En cuanto a Liliana Rivera Garza, la protagonista de la historia que escribió su propia hermana, no alcanzó siquiera a pedir auxilio. Su feminicidio ocurrió de madrugada, un lunes 16 de julio de 1990 en una colonia de la Ciudad de México. El crimen fue catalogado como homicidio simple, y nunca atraparon a su asesino: un exnovio llamado «Ángel».
En el libro, Cristina Rivera Garza, autora y hermana de Liliana, hace dos viajes: uno a la Ciudad de México, para averiguar por el caso veintinueve años, tres meses y dos días después de los hechos. La performance de Las Tesis, «Un violador en tu camino», resuena de manera decisiva en las primeras páginas de esta novela.
Para la época en que Liliana fue atacada y asesinada, el feminicidio no estaba tipificado como tal en México. Hubo que esperar 22 años para que fuera llamado así y no apareciera como «crimen de pasión». Al crimen de feminicidio también se le llamó alguna vez (¿o aún se le llama?): «
Andaba en malos pasos… o ¿para que se vestía así? O, algo debió haber hecho para acabar de esa forma… o, sus padres la descuidaron… Incluso, se le llamó: tomó una mala decisión, o, quizás se lo merecía».
El otro viaje de Cristina es el viaje de la Memoria: el de recuperar, poco a poco, los fragmentos de la existencia de Liliana hechos jirones por el tiempo. El de intentar armar un rompecabezas a partir de cartas y notas escritas por la misma Liliana e, igualmente, a partir de las voces testimoniales de sus padres, familiares, amigos y amigas y de los compañeros de carrera (Liliana estudiaba Arquitectura) que la visitaban para departir o estudiar en su pequeño apartamento, en la calle Mimosas 658 en Azcapotzalco (Ciudad de México).
Cuando Liliana paseaba por las veredas de la universidad, esbelta, con su chamarra negra y sus lentes dorados y redondos, todos podían coincidir en señalar lo siguiente: «Allá va una mujer libre».

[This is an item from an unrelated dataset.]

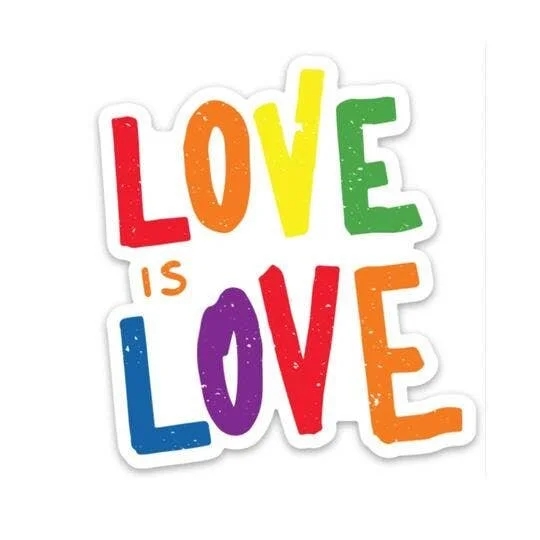 LOVE IS LOVE STICKER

Entre las descripciones de Liliana que prevalecen en esta polifonía están los adjetivos: tierna, solidaria, valerosa, muy inteligente y emancipada. Se suele decir que una mujer empoderada, segura y autónoma no se somete a relaciones desiguales, dependientes o violentas. Liliana parecía ser todo esto y sin embargo…
Es difícil aventurar explicaciones con la suficiente solvencia sobre las circunstancias particulares que se conjugan para que tenga lugar un crimen tan atroz y violento contra las mujeres, motivado además por un odio infinito (nunca será, ni habrá sido por «amor»); pero si algo me queda un poco claro con esta historia es que cualquier mujer, independiente de su estatus social o su capital cultural, puede caer en manos de un depredador. Por supuesto, hay factores más determinantes que otros (como por ejemplo la pobreza o la falta de libertad económica de la mujer), pero, en todo caso, para cuando la víctima logra darse cuenta, es muy difícil y a veces casi imposible, salir.
Liliana, al parecer, iba de salida, pero sus pasos no alcanzaron a llegar a la puerta de escape (si es que la había). Una vez la mujer toma la decisión de dejar a esa pareja, los primeros tres días y luego los tres primeros meses son los más riesgosos para su vida; eso arrojan los datos.
El pronóstico se cumplió en Colombia con Erika Aponte y en México con Liliana Rivera Garza. Imagino el tamaño del dolor de la madre de Erika, tanto como los lectores de este libro podemos imaginar la forma que adquiere esa tragedia en el cuerpo de su hermana Cristina (el cuerpo que siempre se entera antes que nosotros) y que se describe así, en la narración:
«el dolor es informe, no es grito ni alcanza a ser aullido… Alguien cae con el peso del cuerpo al piso y se hace bolita. Alguien se agarra con ambas manos su abdomen, esconde el rostro y suplica, sobre todo eso, suplica y suplica y suplica que no sea cierto, que no sea verdad, que esto no esté pasando…».
Pero todo es verdad, todo está pasando y es real, como real fue la oscura madrugada de Rosa Elvira Cely, caso que permitió tipificar en Colombia el delito de feminicidio en 2015. En 2022, en Colombia se presentaron más de 600 feminicidios. En México, la cifra es casi cinco veces superior, 3500 feminicidos cada año, desde 2018, 300 mujeres al mes, 10 cada día. Una cifra insoportable.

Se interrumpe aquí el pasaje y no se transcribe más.